Date: 2007-04-01 10:40 pm (UTC)
From: [personal profile] oakmouse
Well, he was of mixed race and practiced sex magic at a time when the sexuality of black males was a deeply taboo subject in America. A black man who claimed to offer magical initiation through sex, and who believed in the magical power (or indeed the very existence) of the female orgasm would be pretty much barred from the public eye; however muckraking the newspapers of his day might have been, and he lived in the peak era of so-called yellow journalism, he would have been far too hot a subject for them to handle. Had he lived longer and/or been white, he might have become more generally known. He's better known now than he has been since his death, I believe, although I'm positive I'm right.

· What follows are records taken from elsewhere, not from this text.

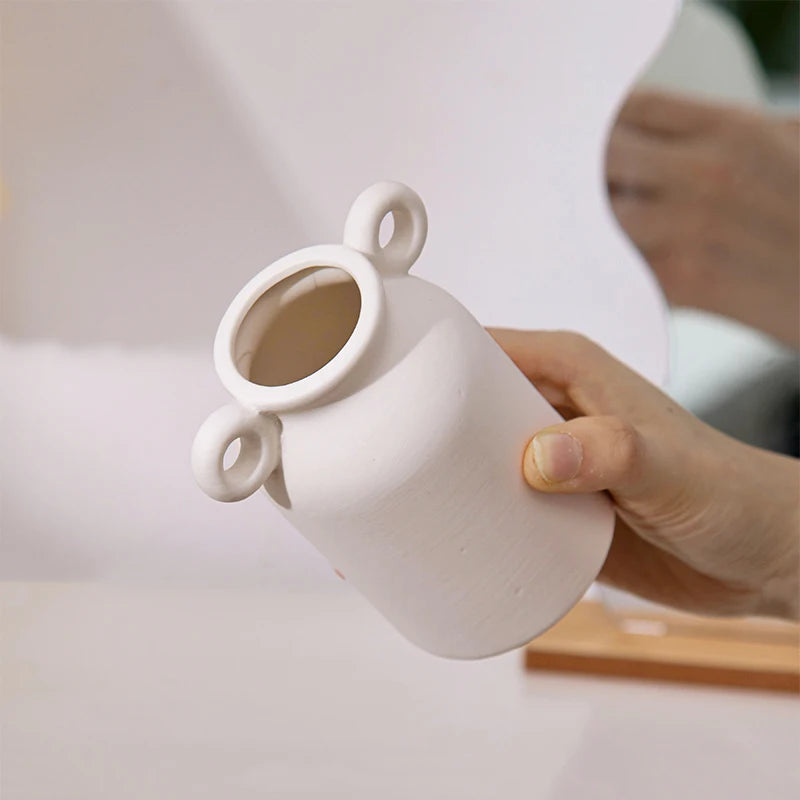 Nordic White Ceramic Vase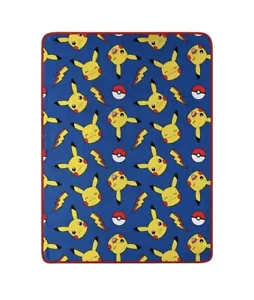 NEU POKEMON SUPER PLÜSCH WEICHE WERFDECKE 46X60 PIKACHU NORDWEST NEU MIT ETIKETT - Bild 1 von 5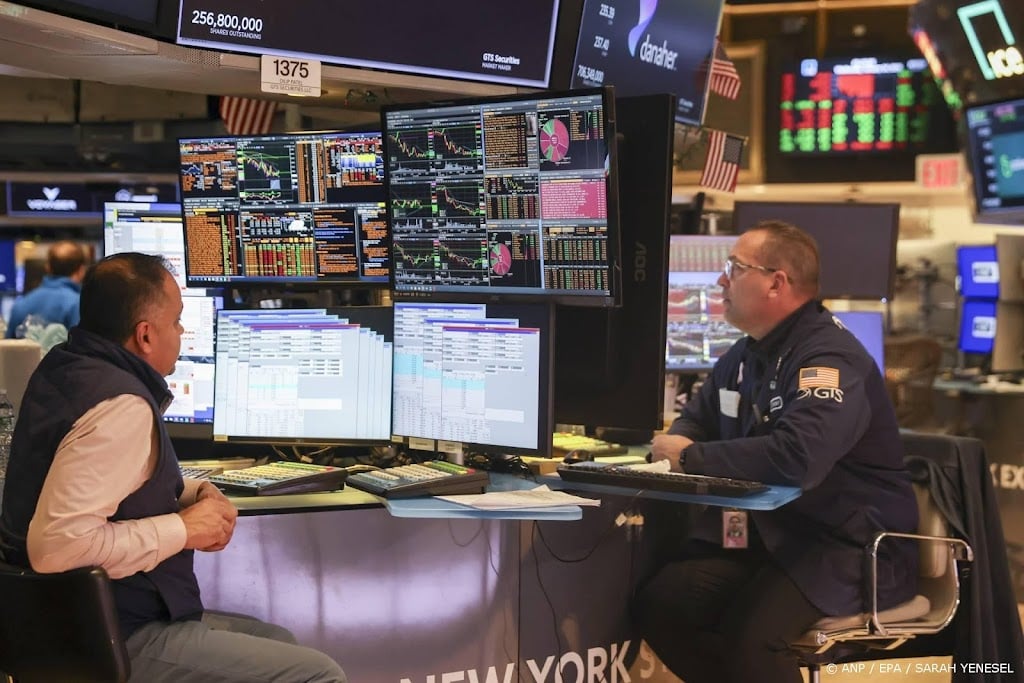 Wall Street sluit met verlies, Alphabet bij dalers na cijfers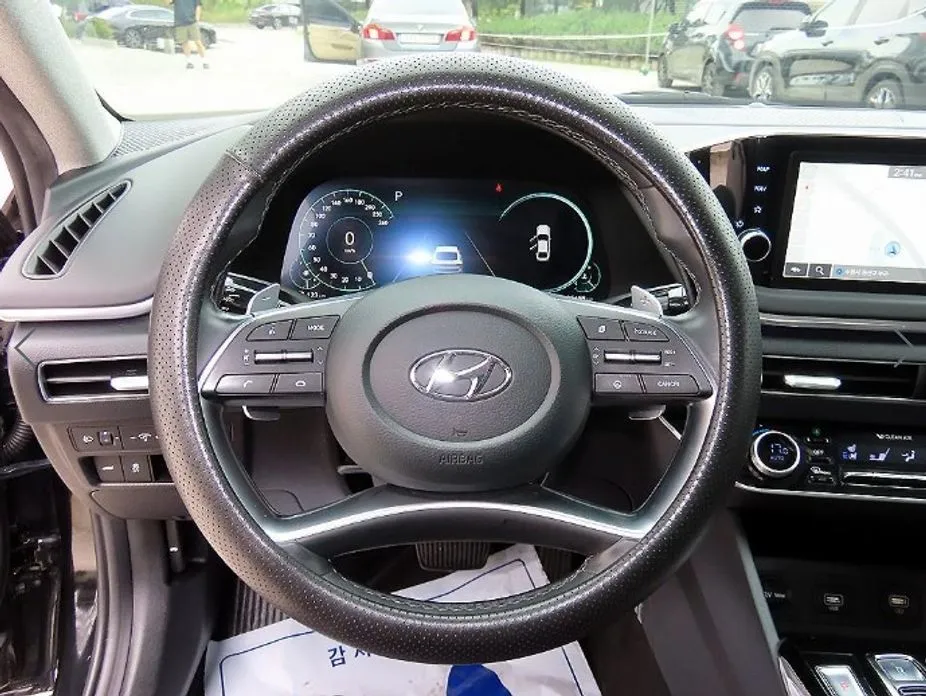 Hyundai Sonata — фото 10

Also, for some reason, a fair number of American occultists of the 19th century don't seem to be generally very well known, even in America. There are exceptions, of course, as with every rule.

Date: 2007-04-01 10:43 pm (UTC)
From: [personal profile] oakmouse
"although I'm positive I'm right"

Sorry, that should be I'm NOT positive I'm right. :-p

Date: 2007-04-02 07:59 am (UTC)
From: [identity profile] poliphilo.livejournal.com
But you'd think the things that made him taboo in his lifetime would have elevated him to cult status in the modern era.

But, it's true, the books and articles on magical history I've read never even glance at the USA. They treat the magical revival of the 19th century as- almost exclusively- an Anglo-French affair.

Date: 2007-04-02 07:31 pm (UTC)
From: [personal profile] oakmouse
You would think that, yes, but not so. Maybe because good old Aleister Crowley got there first? From his time onward, nobody needed to look any further for an occult Bad Boy to emulate.